Protesters furious over wolf kill

Sunday, February 17, 2008

edmontonjournal.com

EDMONTON - Two dozen protesters gathered in front of the Edmonton headquarters of Alberta Sustainable Resource Development today to demand the ministry kill oil and gas development in the Alberta foothills rather than wolves to protect the endangered Little Smoky caribou herd.

"I'm damn angry," said Rocky Notnes, a professional outfitter and guide in the Hinton area.

"There are now three wells on the trails where I take my clients. You fly over the area these days and it looks like a pin cushion."
Environmental activist Linda Duncan with some of the two dozen people who protested the wolf kill in the Alberta foothillsView Larger Image View Larger Image
Environmental activist Linda Duncan with some of the two dozen people who protested the wolf kill in the Alberta foothills


In 2006, a team was set up by the province to protect the best remaining patches of habitat for woodland caribou, says Helene Walsh, a biologist and a member of he Canadian Parks and Wilderness Society. One of the most sensitive of those areas is that occupied by the 80 members of the Little Smoky caribou herd.

"The committee has accomplished nothing," Walsh said.

Instead of protecting the area the government is killing off wolves while allowing increasing amounts of industrial activity.

A spokesman for Alberta Sustainable Resource Development defends the killing of more than 100 wolves as an effective means of protecting the Little Smoky herd.

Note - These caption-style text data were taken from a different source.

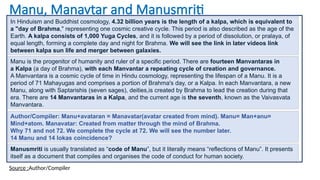 Human Compiler Part 1E Time - Manu,Manavantar and Manusmriti.pptx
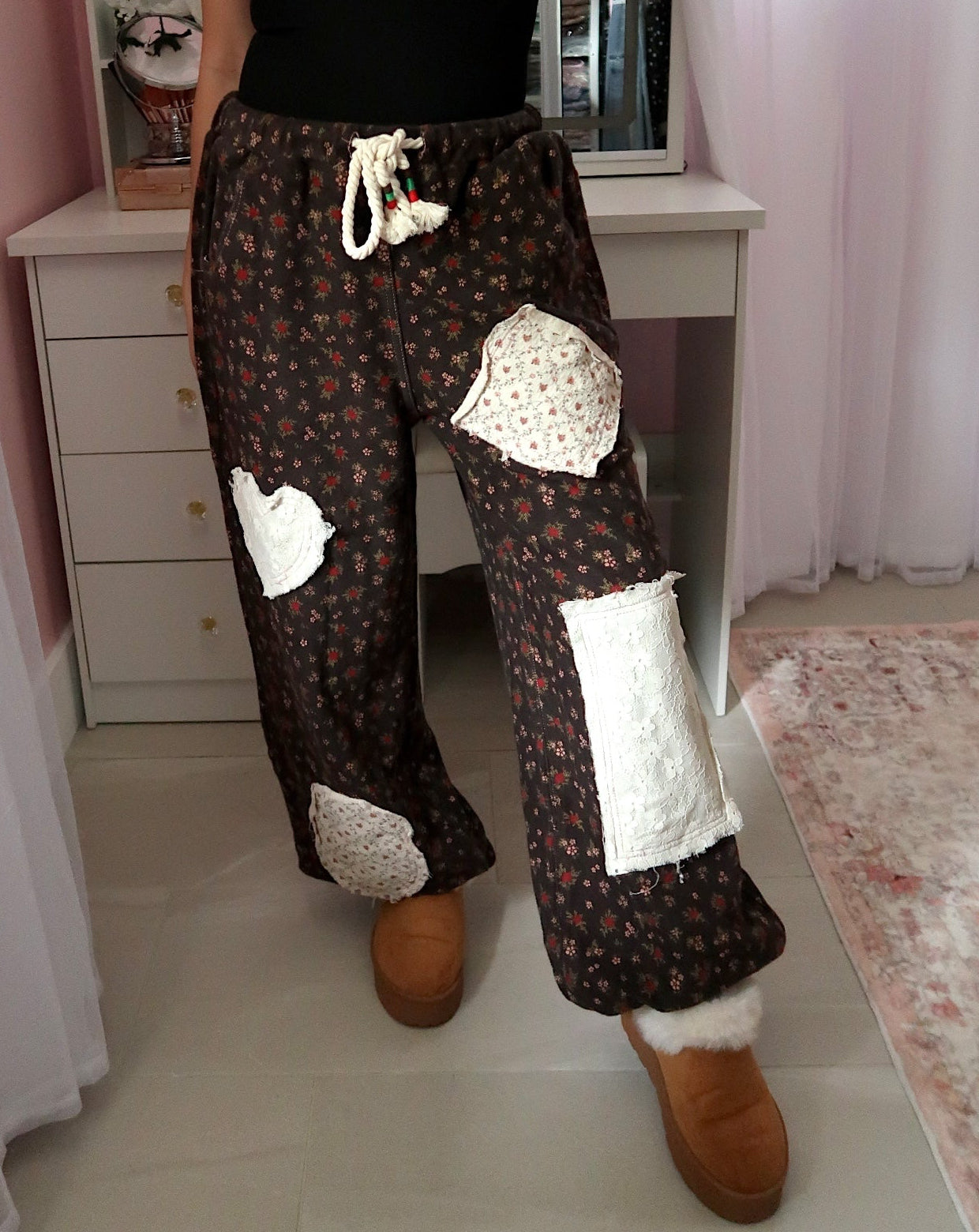 Red and Pink Floral Joggers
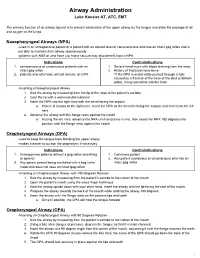 Airway Administration Luke Koester AT, ATC, EMT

"Our objective has been to control the predator population and the density needs to be brought down to less than six wolves per 1,000 square kilometres to allow the caribou to have good calf survival and good over-winter survival," said Dave Ealey. Right now the density is higher than that."

But the government is doing more than that while trying to balance environmental and economic interests, Ealey says. They are encouraging companies to decrease their impact on the land by measures such as different companies using the same road system instead of each company constructing and using their own roadways.

That won't work, says Linda Duncan, a lawyer and environmental activist who has run federally for the NDP. The only thing that will work is following the dictates of the federal Endangered Species Act and formulating a comprehensive plan to protect the caribou.

Walsh says that instead of doing that seismic lines are being cut throughout the area in preparation for the drilling of 50 wells. Roads are being cleared and old-growth timber which bears the lichen eaten by caribou is being cut.

As new growth replaces old growth that new growth attracts increasing numbers of deer and moose. That leads to a larger wolf population and those wolves kill off the few remaining caribou. The whole ecological balance is being thrown off-kilter, Walsh says.